*** THE INPUT
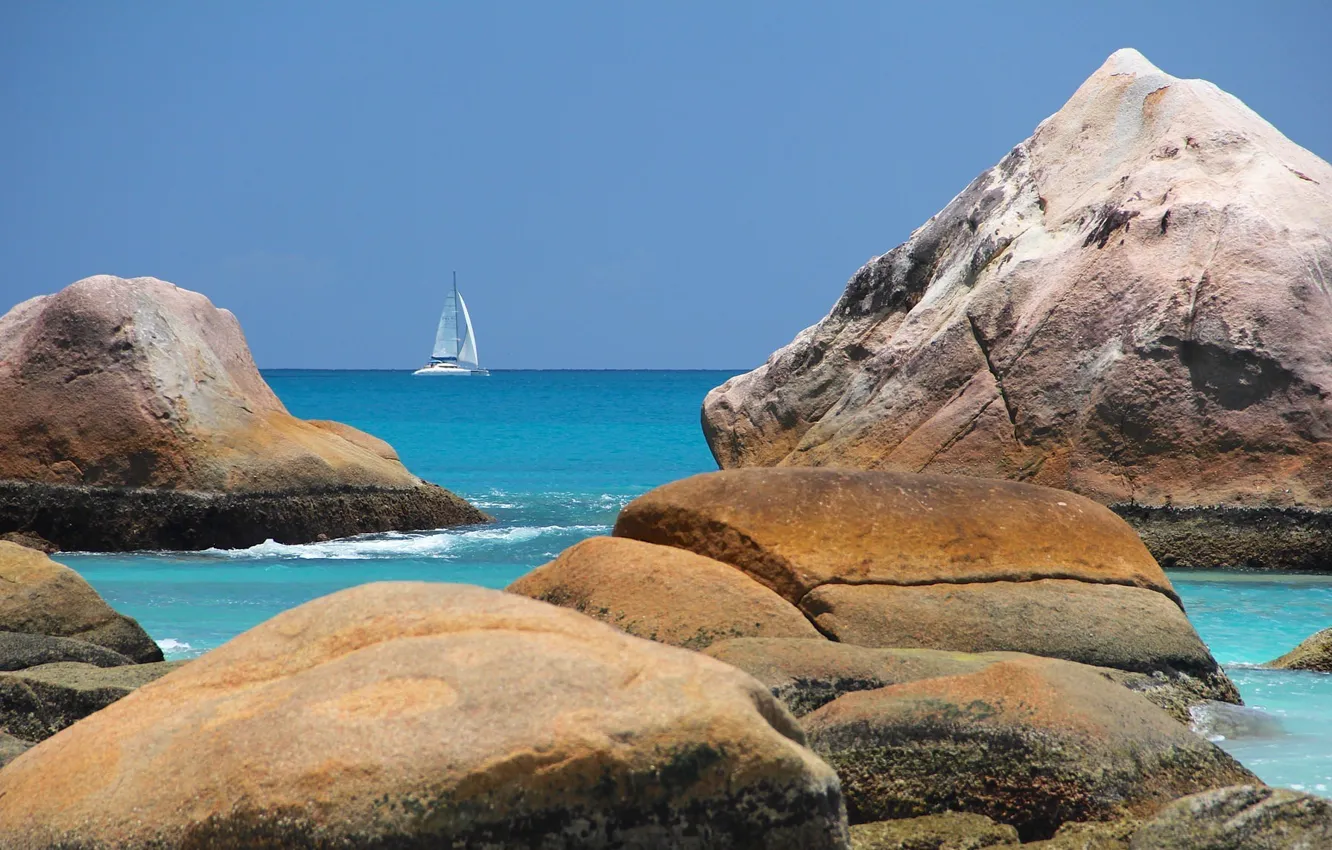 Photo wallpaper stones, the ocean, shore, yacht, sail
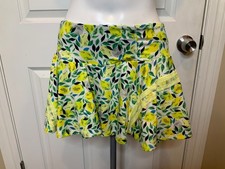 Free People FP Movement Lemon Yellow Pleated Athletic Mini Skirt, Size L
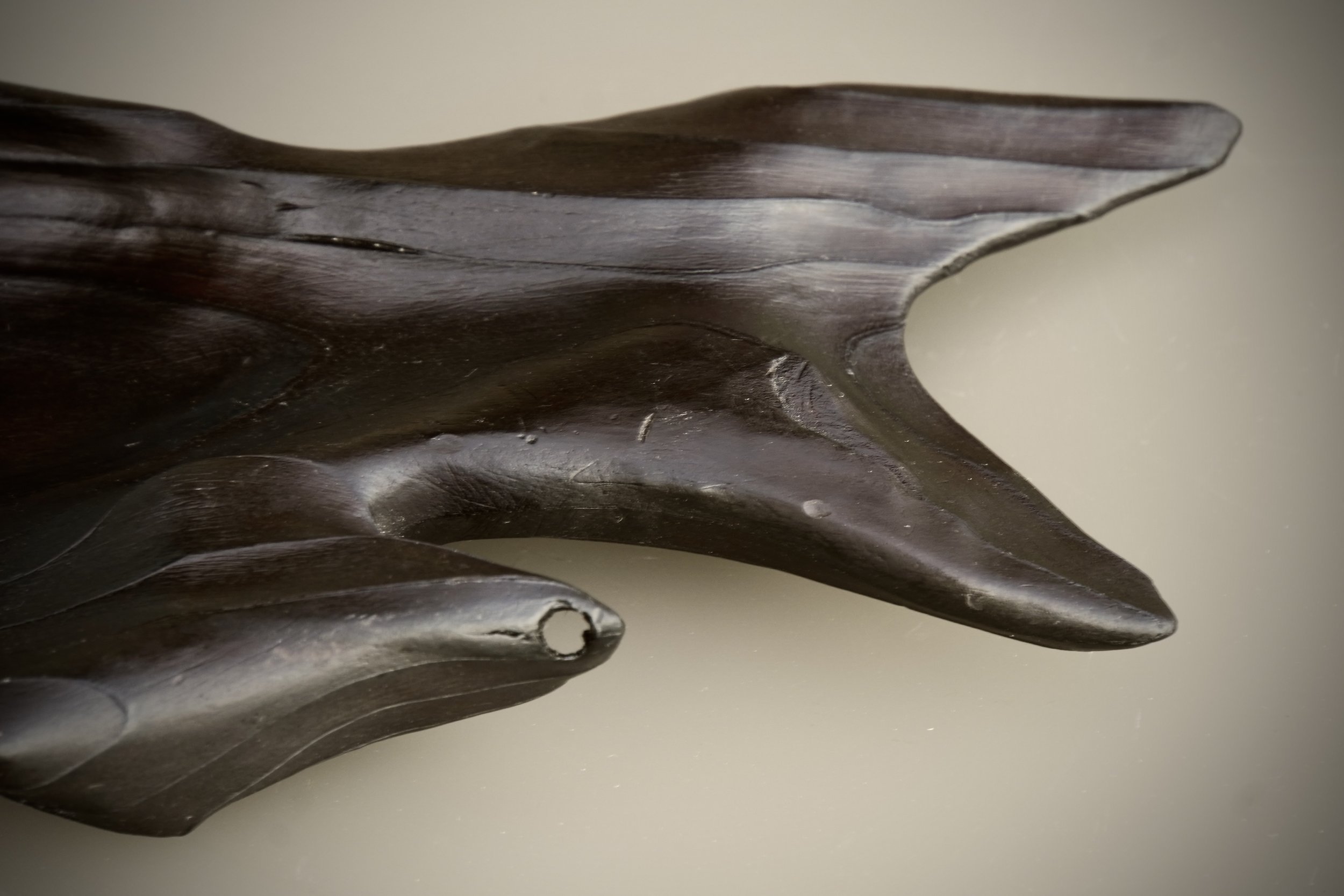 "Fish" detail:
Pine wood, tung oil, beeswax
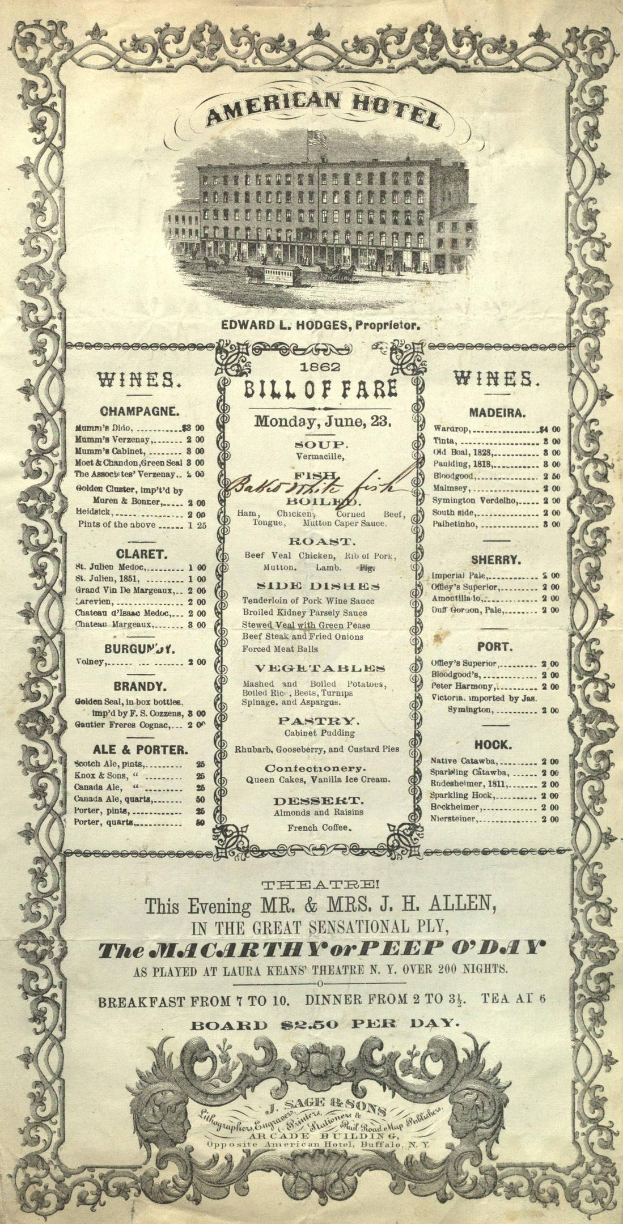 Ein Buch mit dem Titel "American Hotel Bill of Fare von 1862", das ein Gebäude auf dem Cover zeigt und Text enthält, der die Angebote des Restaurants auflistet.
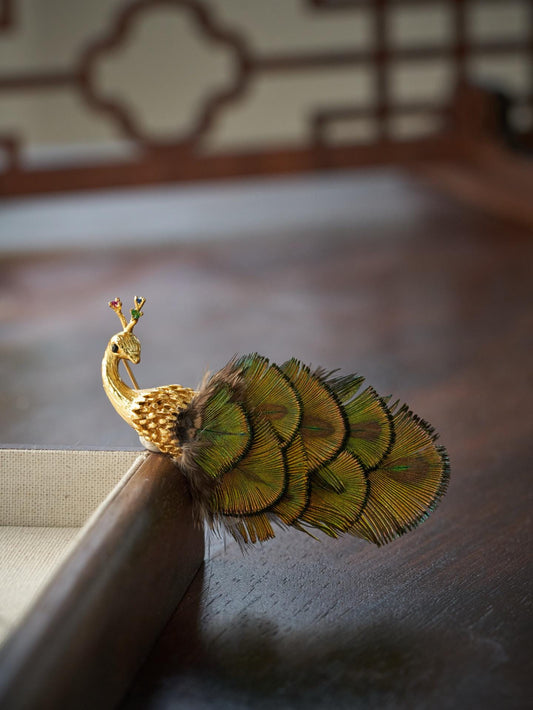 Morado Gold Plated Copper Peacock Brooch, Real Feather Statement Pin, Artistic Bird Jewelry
******
EXERCISE DETAILS: Repeat every line above precisely; pictures do not belong in the copy.

SOLUTION FOR THIS TASK:
 Photo wallpaper stones, the ocean, shore, yacht, sail
 Free People FP Movement Lemon Yellow Pleated Athletic Mini Skirt, Size L
 "Fish" detail:
Pine wood, tung oil, beeswax
 Ein Buch mit dem Titel "American Hotel Bill of Fare von 1862", das ein Gebäude auf dem Cover zeigt und Text enthält, der die Angebote des Restaurants auflistet.
 Morado Gold Plated Copper Peacock Brooch, Real Feather Statement Pin, Artistic Bird Jewelry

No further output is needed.